Eusden sighed and stretched his neck back against the headrest. Fatigue had sucked all the fury and much of the anxiety out of him. There was a chance – a reasonable one, given his track record – that Marty had simply changed his plans without telling him. And there was an even better chance that Norvig could turn the tables on Kjeldsen. Local knowledge was a precious commodity. All that was required to deploy it effectively was patience. He took out his phone and reread the message he had found on it earlier. Phone me asap, timed a few hours ago. It was terse even by Gemma’s standards. Presumably she wanted to rebuke him for keeping her in the dark about what he and Marty were up to. Actually, he thought, she ought to thank him. But putting her right on that, like so much else, would have to wait.
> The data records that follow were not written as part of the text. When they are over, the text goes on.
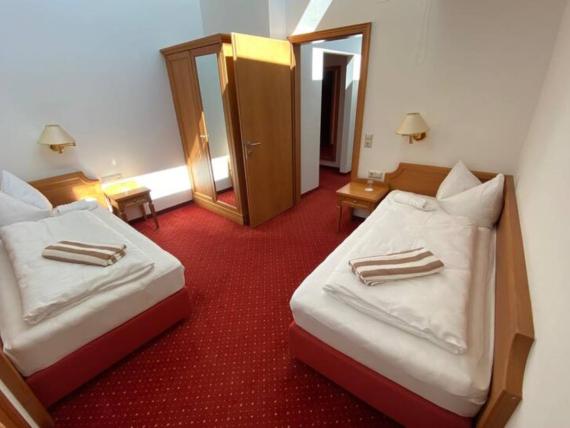 Hotel Moarhof Zimmer mit zwei Einzelbetten und rotem Teppich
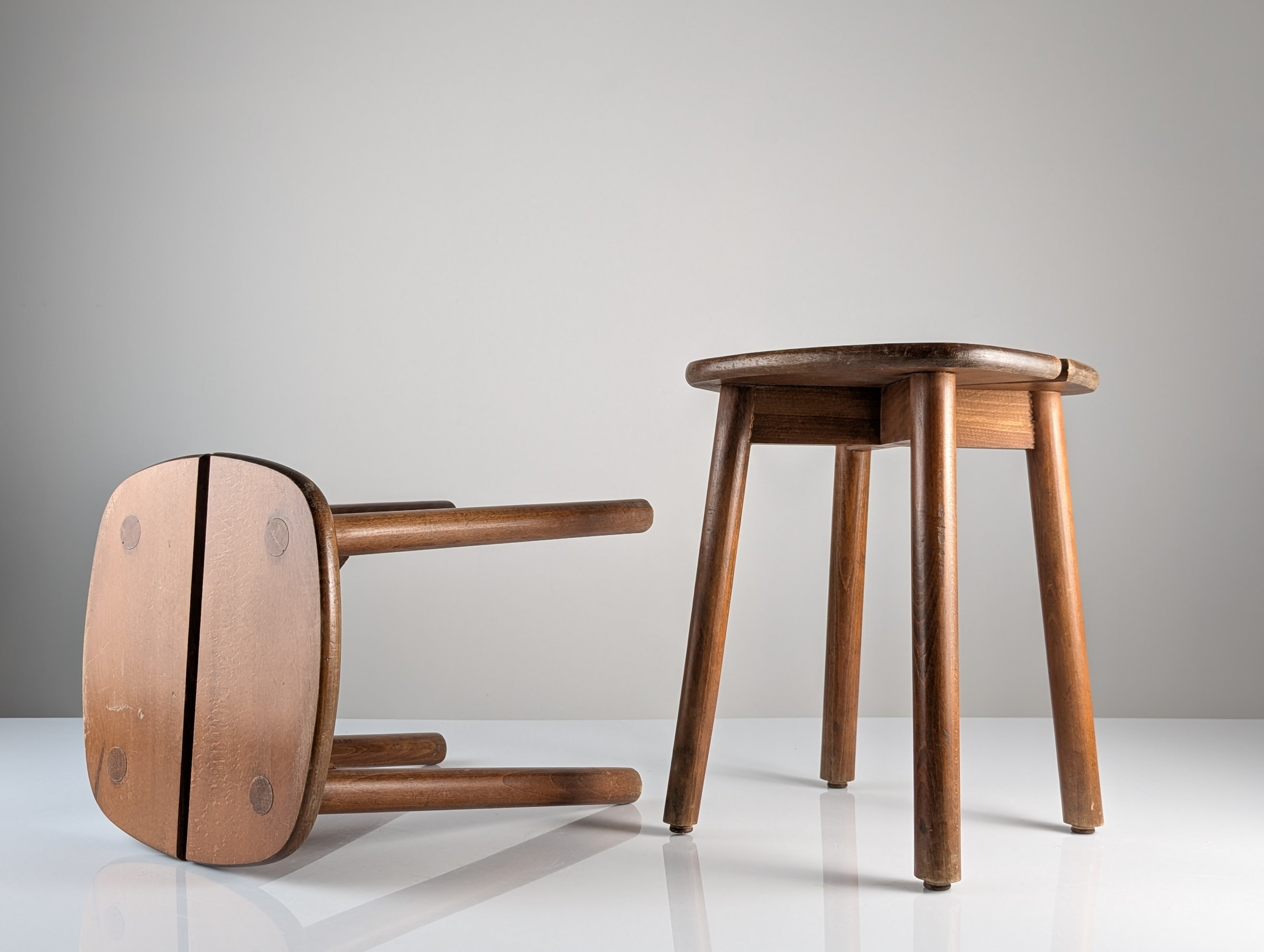 Set_of_2_Wooden_Stools_by_Pierre_Gautier-Delaye,_French_Mid_Century_Design,_1960s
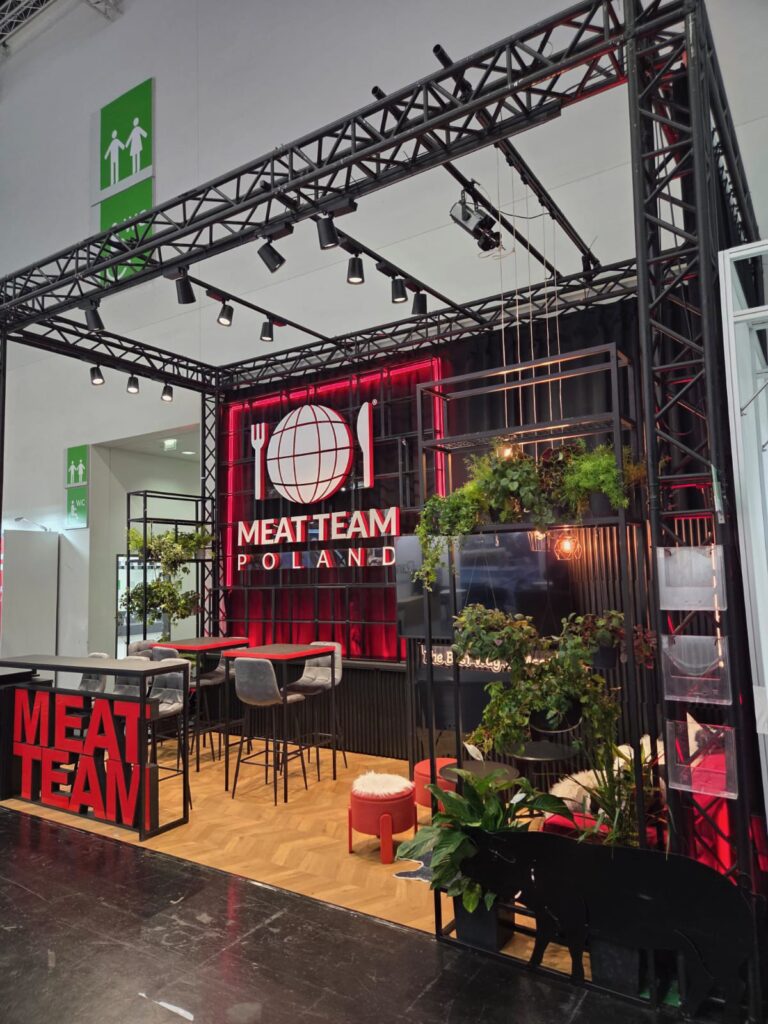 Stoisko targowe w stylu industrialnym z logo MEAT TEAM POLAND, czarną metalową ramą, czerwonym oświetleniem, stołami barowymi i stołkami, ławką z imitacji trawy, roślinami doniczkowymi oraz dekoracją w kształcie świnki. Na białej ścianie za stoiskiem wiszą zielone znaki wyjścia awaryjnego. projekt i nadzór Tatjana Kobuszewska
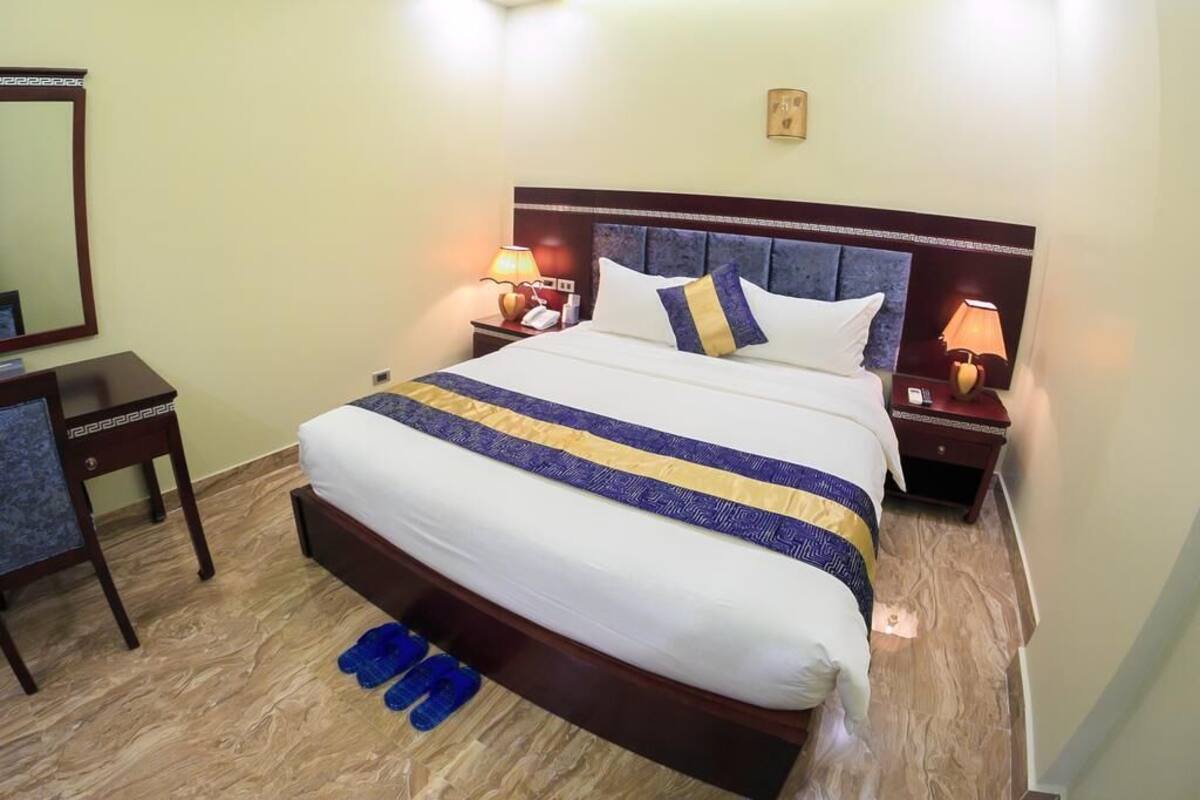 Uma cama bem arrumada com colcha listrada em branco e azul, duas luminárias de cabeceira, uma mesa de apoio, uma cadeira e um par de chinelos no chão.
‘What do you know about Mjollnir’s takeover of Saukko Bank, Henning?’ he asked, determined to learn as much from Norvig as he could.

‘Not as much as I would if Karsten had made our meeting, I reckon. The deal didn’t seem so big when it happened, but it’s… kind of grown since. Saukko’s St Petersburg subsidiary gives Mjollnir a slice of more Russian companies than anyone realized at the time. That’s partly why their share price has gone up like a rocket. First Scandinavia. Now Russia. They just keep expanding. There’s no stopping the Invisible Man. But anyone can read that in the papers. Every fucking day you can read it. What I need is-’ Norvig broke off. Eusden sensed his sudden tension. ‘Look.’